High-dimensional Discrete Inference

Sponsor: National Science Foundation (NSF)

Award Number: 1107067

PI: Luis Carvalho

Abstract:

Recent advances in the last decade have brought attention to the analysis of high-dimensional data and, in particular, to estimation on high-dimensional spaces. Such spaces are often structured by either exhibiting constraints on specific space components or by the incorporation of prior information identifying co-dependence patterns between components in order to help carrying out the inference. Given the recent predominance of discrete inference problems in many influential fields, the investigator takes on the critically important task of discrete estimation in high-dimensional settings and aims at laying foundational principles upon which estimation and characterization of high-dimensional discrete spaces can be efficiently performed and where structural properties of the space are adequately taken into account.
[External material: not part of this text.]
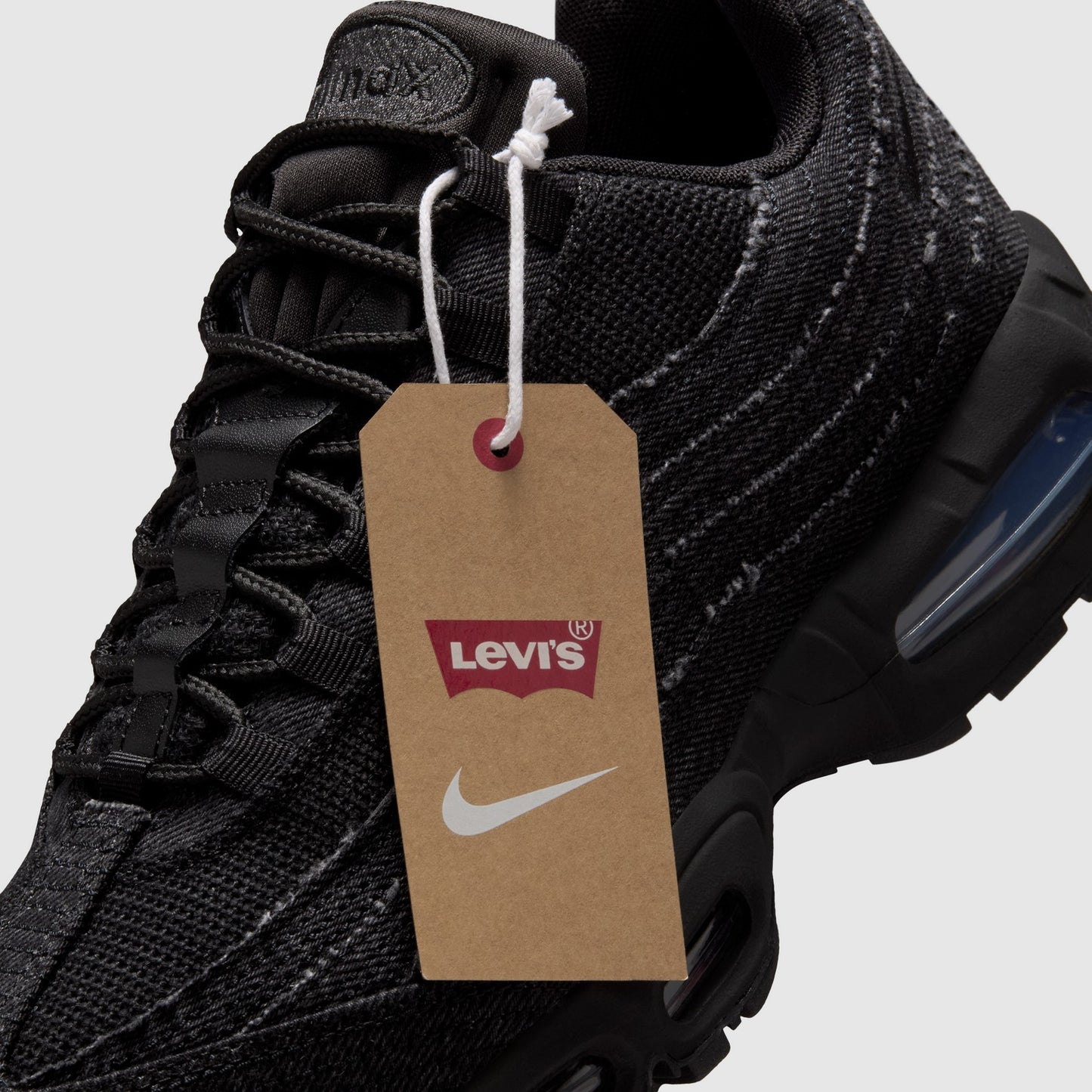 Levi's® x Nike Air Max 95 Black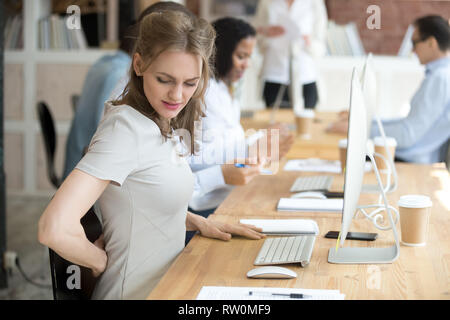 Frauen leiden unter Rückenschmerzen bei der Arbeit Stockfoto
More specifically, the PI explores estimators formally derived from statistical decision theory and based on loss functions that more naturally capture the features of the discrete space and are thus arguably better representatives of the ensemble. If the discrete space is constrained, obtaining an efficient procedure for estimation is of prime concern given the large size of the space; to this end, the PI also proposes to develop a general framework that can be explored to design efficient procedures for inference, assess the computational complexity of the proposed estimation, and further derive approximation schemes when needed. In addition, the investigator applies the proposed foundations to highlight important features of the discrete space such as regions of high concentration of probability mass, and studies a method to jointly elucidate features and identify good subspace representatives.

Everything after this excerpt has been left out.